Submitted to: Ticks and Tick Borne Diseases
Publication Type: Peer Reviewed Journal
Publication Acceptance Date: 9/17/2020
Publication Date: 10/5/2020
Citation: Solyman, M., Brayton, K.A., Shaw, D.K., Omsland, A., McGeehan, S., Scoles, G.A., Noh, S.M. 2020. Predicted iron metabolism genes in hard ticks and their response to iron reduction in Dermacentor andersoni cells. Ticks and Tick Borne Diseases. 12(1). Article 101584.

Interpretive Summary: Ticks and tick-borne pathogens cause a significant disease burden in humans and animals and few vaccines are available to prevent these diseases. Consequently, tick control is the foundation of disease prevention. The available tick control methods are inadequate, in large part due to an overall lack of understanding of tick physiology. Ticks rely solely on blood as a source of nutrition, which presents some physiologic challenges for the tick and opportunities for the development of improved tick control methods. One physiologic challenge is maintaining iron homeostasis due to the potentially high iron load in the blood meal. Iron is essential for many cellular processes and all aspects of iron metabolism are tightly regulated in nearly all organisms. Genes and their products involved in iron metabolism, and the specific roles they play are poorly understood in ticks. We identified and sequenced 13 genes likely to be involved in iron metabolism in ticks. We then developed a method to reduce iron in cultured tick cells and measured the transcriptional response of each gene to iron reduction. Overall, the tick cells were relatively tolerant to iron depletion and nearly all genes were down-regulated in response to reduced iron. This is not surprising as ticks spend over 95% of their lives off of the host and thus must withstand long periods of fasting. The successful depletion of tick cells of iron will serve as useful tool for understanding iron metabolism in ticks and identifying targets for the development of novel anti-tick products.

Technical Abstract: For most organisms, iron is an essential nutrient due to its role in fundamental cellular processes. Insufficient iron causes sub-optimal metabolism with potential effects on viability, while high levels of iron are toxic due to the formation of oxidative radicals, which damage cellular components. As obligate hematophagous parasites, ticks are exposed to large amounts of iron in the blood meal.
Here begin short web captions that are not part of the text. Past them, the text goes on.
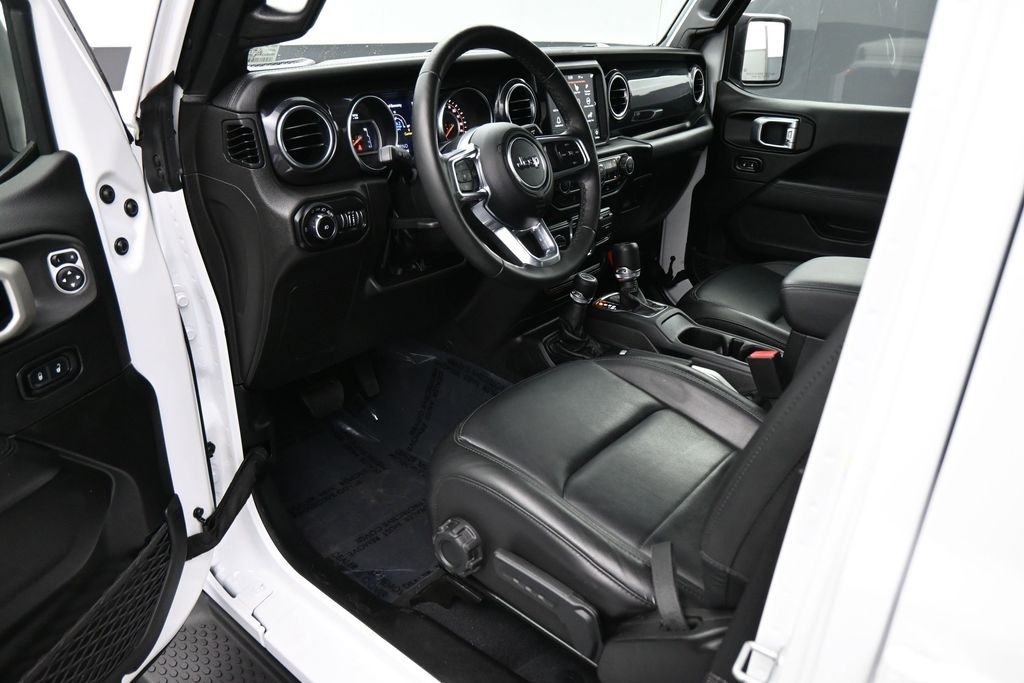 2022 Jeep Wrangler Sahara Altitude's photo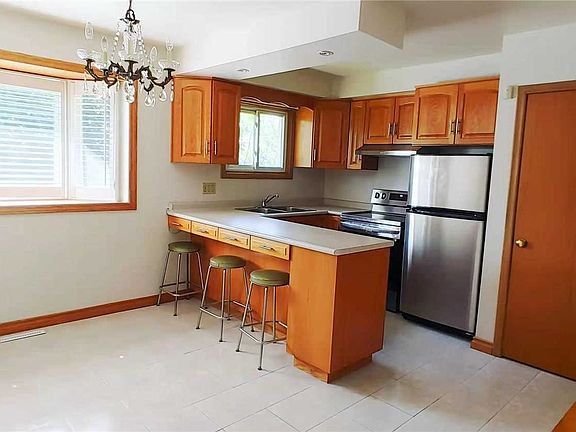 4th image of 11 Southill Dr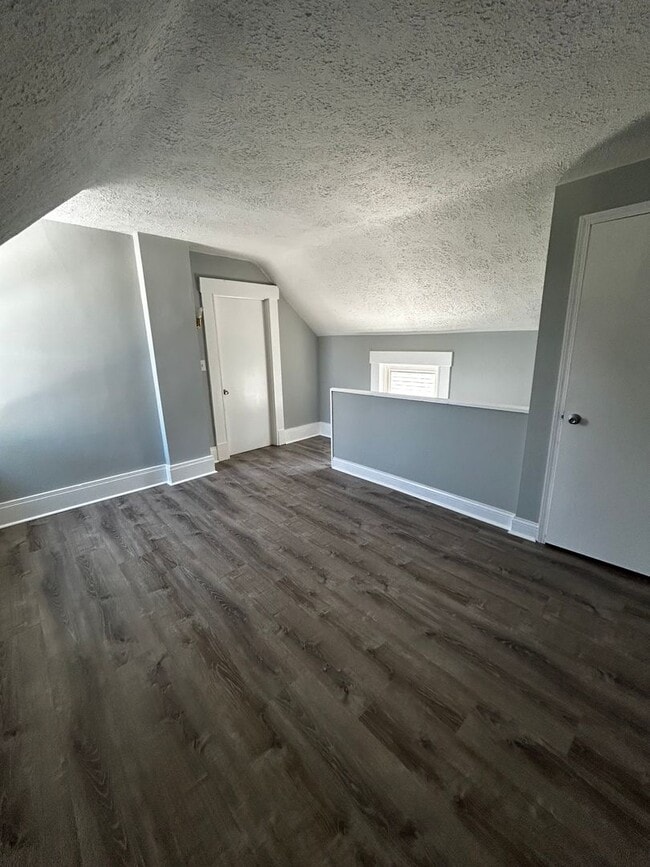 Building Photo - Beautiful Newly Renovated Home 3 BEDROOM 1 BATH, FENCED YARD, Bonus Space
Many molecules and processes employed in iron uptake, storage, transport and metabolism are conserved, however significant knowledge gaps remain regarding these processes in ticks due to their unique physiology. In this study, we first identified and sequenced 13 genes likely to be involved in iron metabolism in Dermacentor andersoni tick cells. We then developed a method to reduce iron levels in D. andersoni tick cells using the iron chelator 2,2'-bipyridyl and measured the transcriptional response of these genes to iron reduction. The genes include a putative transferrin receptor, divalent metal transporter 1, duodenal cytochrome b, zinc/iron transporters zip7, zip13, zip14, mitoferrin, ferrochelatase, iron regulatory protein 1, ferritin1, ferritin2, transferrin and poly r(C)-binding protein. Overall, the transcriptional response of the target genes to iron reduction was modest. The most marked changes were a decrease in ferritin2, which transports iron through the tick hemolymph, the mitochondrial iron transporter mitoferrin, and the mitochondrial enzyme ferrochelatase. Iron regulatory protein1 was the only gene with an overall increase in transcript in response to reduced iron levels. This work lays the foundation for an improved understanding of iron metabolism in ticks which may provide molecular targets for the development of novel tick control methods and aid in the understanding of tick-pathogen interactions.